On the way home from a dinner party she didn’t want to attend, Lorna Love steps into the path of an oncoming car. When she wakes up she is in what appears to be a hospital – but a hospital in which her nurse looks like a young Sean Connery, she is served wine for supper, and everyone avoids her questions.
It soon transpires that she is in Heaven, or on HVN. Because HVN is a lost, dysfunctional spaceship, and God the aging hippy captain. She seems to be there by accident. Or does God have a higher purpose after all?
At first Lorna can remember nothing. As her memories return – some good, some bad – she realises that she has decisions to make and that she needs to find a way home…
Thank you to the author, Charlie Laidlaw, for providing me with a copy of this book in exchange for an honest review.
Is that what love is? Discovering a missing jigsaw piece and finding that it fits? Are we all born incomplete, compelled to search for the lost bits of us?
This started off as a slow-burner for me, but on the whole I enjoyed it. The Things We Learn When We’re Dead has sci-fi and fantasy elements, although I think it’s more contemporary fiction. The novel is also a very loose retelling of The Wizard of Oz. It centres around Lorna Love from Scotland who is hit by a car on the day of the 7/7 bombings. When Lorna wakes up, she learns that she is dead and on a spaceship. Most of the book is about Lorna’s memories of her former life. The flashbacks are told in non-linear fashion and they interweave with Lorna’s time on HVN, which took a little getting used to.
I felt sorry for Lorna who experiences a lot of turbulence from a young age. This book can get pretty bleak and tragic at times. That said, it explores some interesting themes such as how our choices affect other people. As Lorna adjusts to the HVN spaceship, you notice the connections to her life which are revealed in the flashbacks. Usually, I’m not a fan of flashbacks, but they are an essential part of the plot.
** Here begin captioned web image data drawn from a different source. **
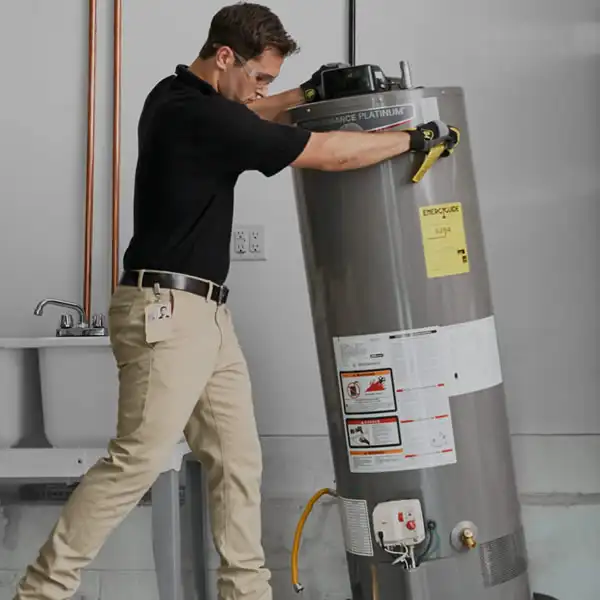 Technician installing a water heater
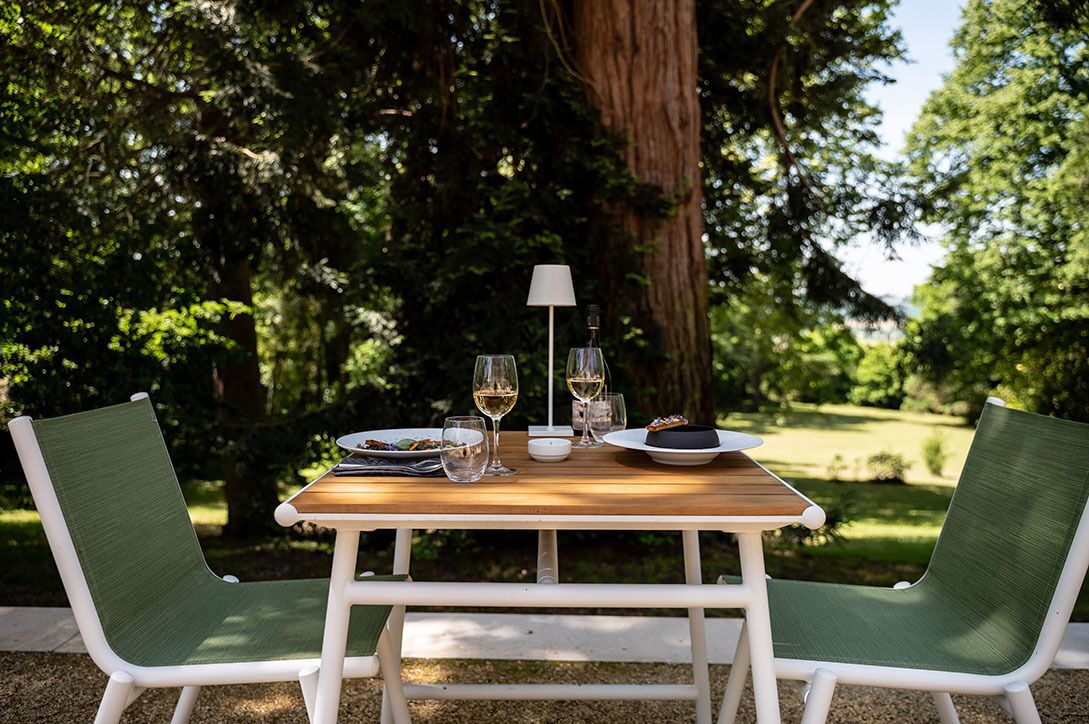 Een houten tafel met een lamp, twee stoelen en een bord eten, buiten geplaatst.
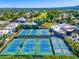 Aerial view of community tennis courts and surrounding landscape at 7710 E Gainey Ranch Rd # 157, Scottsdale, AZ 85258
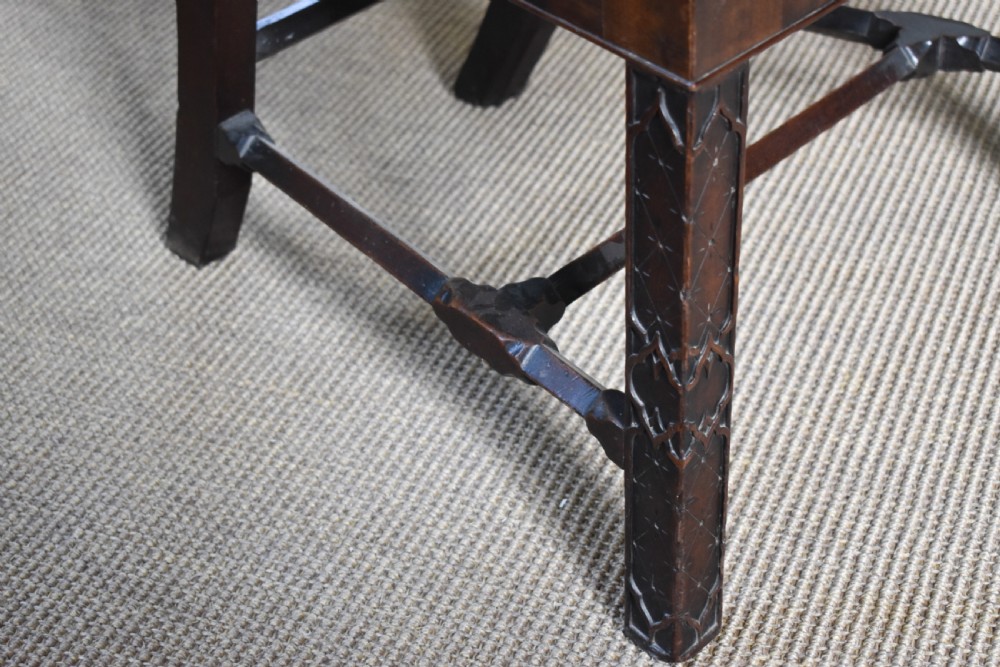 A pair of dark mahogany side chairs with intricate pierced back splats, carved square legs with fretwork, and tapestry fabric seats. View III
Lorna has to look back on her life – family, friendships and relationships – in order to move forward and find out why she is in HVN.
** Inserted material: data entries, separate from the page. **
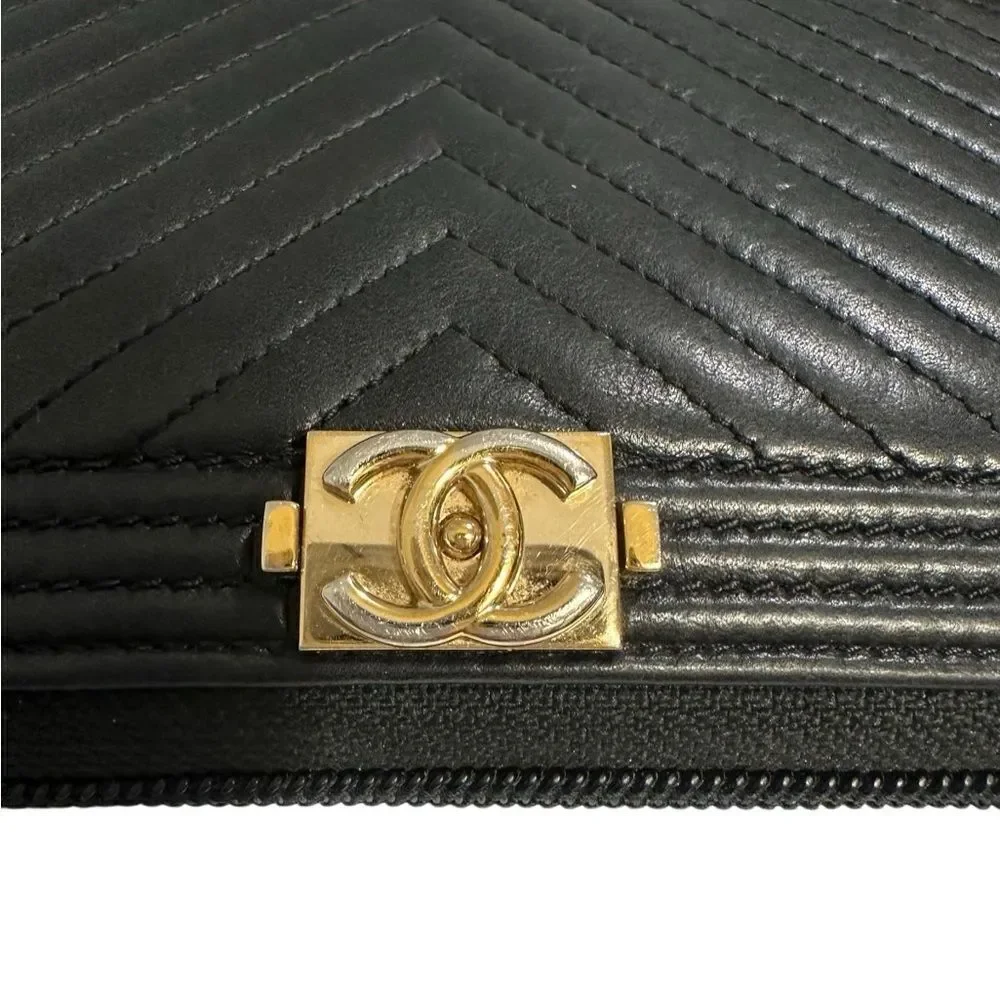 Chanel Black and Gold Quilted Clutch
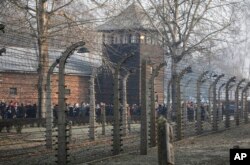 In this file photo taken Jan. 27, 2020, people are seen arriving at the site of the Auschwitz-Birkenau Nazi German death camp in Oswiecim, Poland, for observances marking 75 years since the camp's liberation by the Soviet army. (AP Photo/Czarek Sokolowski)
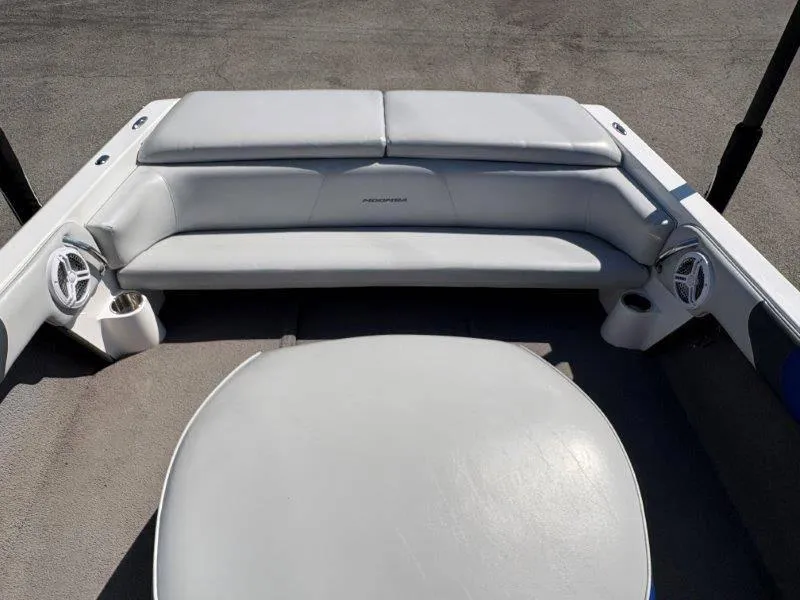 Slide: The Image of 2009 Moomba Outback SK boat interior with gray seating and speakers. - 19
Friendship plays an important role in this book. Through her memories, we learn about Lorna’s childhood and how she became best friends with Suzie. These two characters have a surprising friendship considering they are polar opposites. Whilst Lorna was a character I felt sympathetic towards, I was less sure about Suzie who gave her best friend really bad advice on two occasions. Despite this, Lorna and Suzie look out for another.
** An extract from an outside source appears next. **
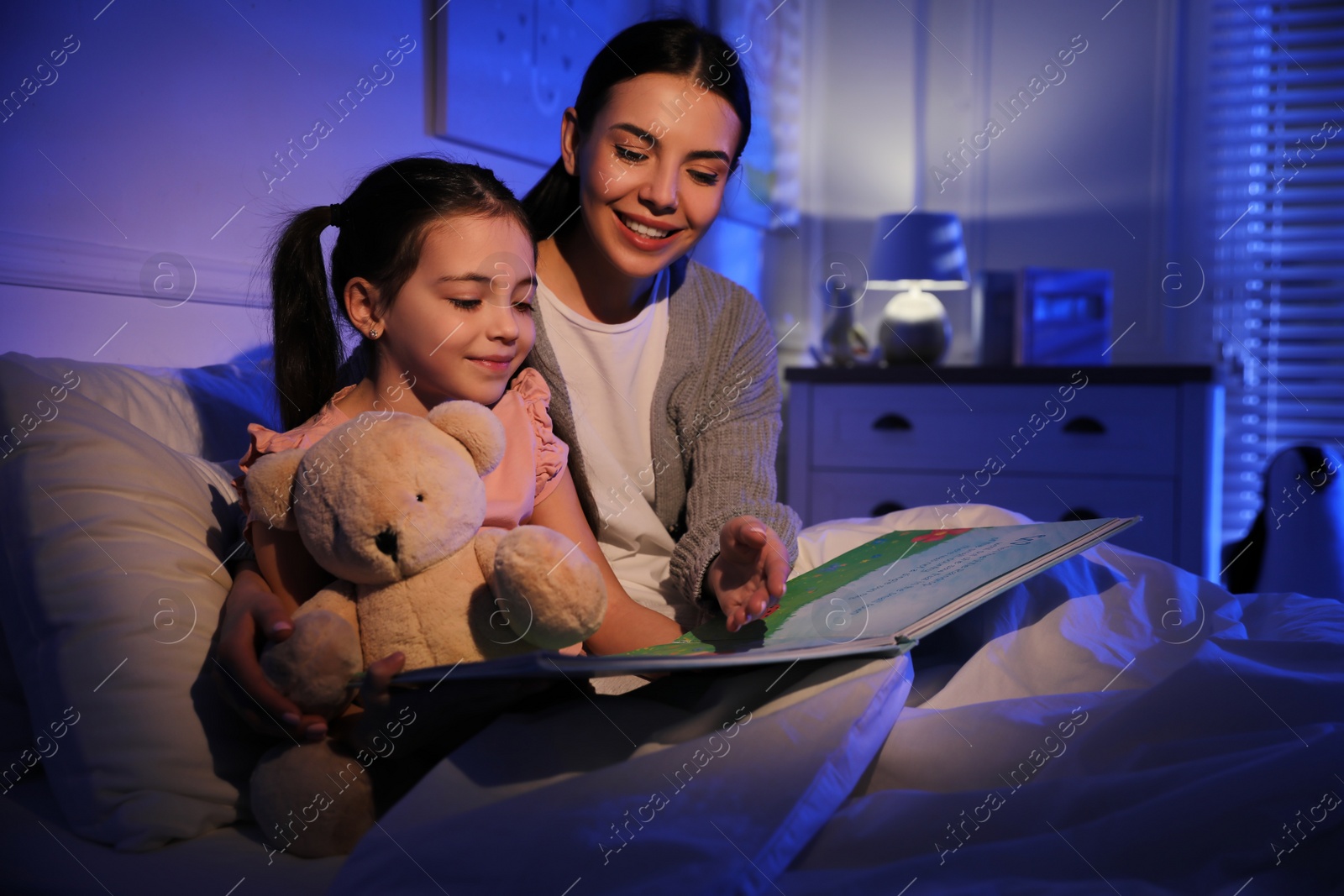 Photo of Mother with little daughter reading fairy tale in dark bedroom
Highlights include the portrayal of God, who, like Lorna, is by no means perfect. Although God is a character and the spaceship is named Heaven, this isn’t a book that’s heavy on religion. Instead, it questions our notions of whether there is life after death in a quirky manner. Also, you can see from the lovely cover that hamsters play a role in the story! I appreciated these moments of offbeat humour.
It’s difficult to write this review without revealing massive plot spoilers, so what I will say is that there is detailed world-building. Lorna’s surroundings on the HVN spaceship are believable and unique.
A well-written and thought-provoking novel. TTWLWWD draws inspiration from a familiar tale and the result is a story with plenty of originality.